Carriers across the Americas (except the US) have spectrum on the SMR (specialized mobile radio) band and want to migrate from iDEN technology to LTE. Currently, the 3GPP is working on developing the band specification and will approve it as LTE band class 27. To be clear, this has nothing to do with the Cellular 850 spectrum, as these frequencies are below it. These were reserved quite some time ago for SMR usage, and have never been used for anything else..... I found that on http://www.extremetech.com/mobile/135045-what-is-lte-advanced/5 . How did you get on that band if it's invalid lol?

I saw that but It didn't make sense, I did a full reboot, and It disappeared. I was donating plasma and my data stopped working , so I checked the Engineering screens to check to see if I saw something similar to Digi's Channel 100, and saw that...Not sure How it happened though. It was perfectly fine on signal check too!

 

 

That's an invalid band class. CDMA band classes only go up to 21 (starting from 0). UMTS/LTE devices do something similar by identifying as band 0 (which is an invalid band number).

 

Correct me if I'm wrong, but the "out of index" error might refer to the fact that it's trying a band class ID that doesn't exist and trying to reference a CDMA channel number to it?

Yes What I thought, but it is a band class In south/rest of North america.

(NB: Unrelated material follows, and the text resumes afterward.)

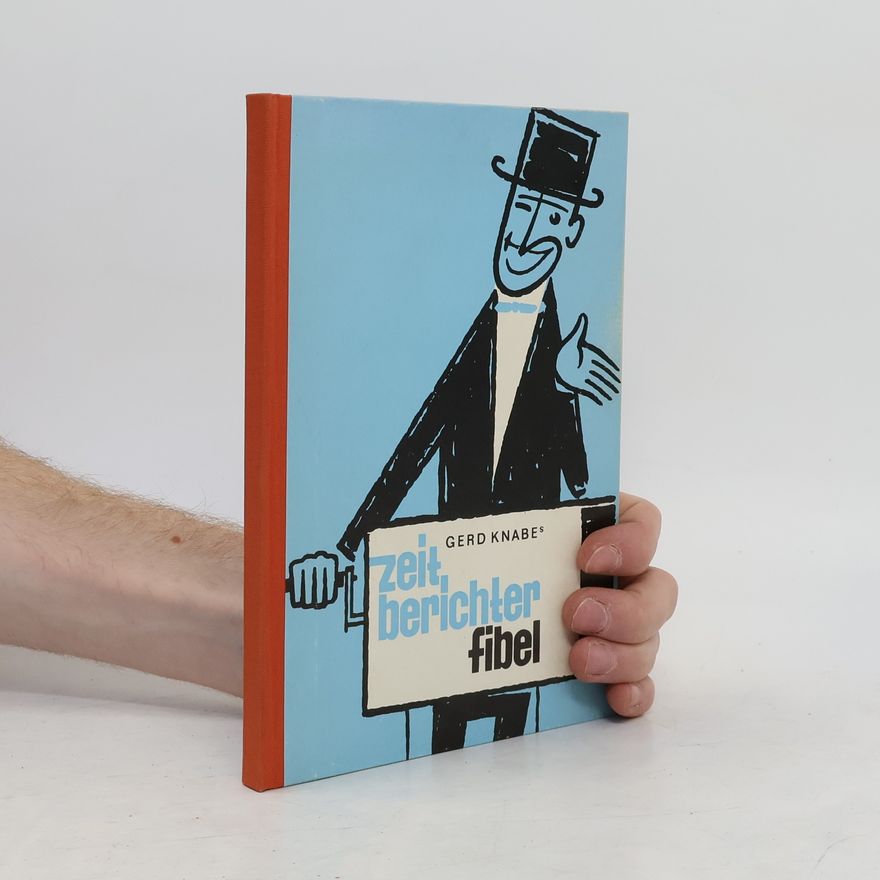 Gerd Knabe Zeitberichter Fibel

Thought possibly a mistake or software error

  • Like 1
Link to comment
Share on other sites

Yes What I thought, but it is a band class In south/rest of North america. Thought possibly a mistake or software error

It is in terms of 3GPP band classes, not 3GPP2 band classes. CDMA band classes are defined by the 3GPP2, and they go from 0 to 21. 3GPP band class 27's equivalent band class in 3GPP2 is band class 10. 3GPP2 band class 27 doesn't exist (yet).

Link to comment
Share on other sites

Typically with CDMA, they are referred to as "Band Class" whereas with LTE, they are commonly referred to as just "Band."

 

For instance with SMR, it is CDMA "Band Class 10", whereas it is LTE "Band 26."

 

Referencing them only this way will help people to know which actual band/technology you may be referring to and help eliminate confusion.

 

Robert via Samsung Note 8.0 using Tapatalk Pro

  • Like 2
Link to comment
Share on other sites

Typically with CDMA, they are referred to as "Band Class" whereas with LTE, they are commonly referred to as just "Band."

 

I see that my brainwashing has succeeded.

 

;)

 

AJ

Link to comment
Share on other sites

I see that my brainwashing has succeeded.

 

;)

 

AJ

In many ways, my friend.

 

Robert via Samsung Note 8.0 using Tapatalk Pro

  • Like 1
Link to comment
Share on other sites

 

I am now being compared to Mr. Burns.  Doh!

 

AJ

  • Like 1
Link to comment
Share on other sites

Join the conversation

You can post now and register later. If you have an account, sign in now to post with your account.

Guest
Reply to this topic...

×   Pasted as rich text.   Paste as plain text instead

  Only 75 emoji are allowed.

×   Your link has been automatically embedded.   Display as a link instead

×   Your previous content has been restored.   Clear editor

×   You cannot paste images directly. Upload or insert images from URL.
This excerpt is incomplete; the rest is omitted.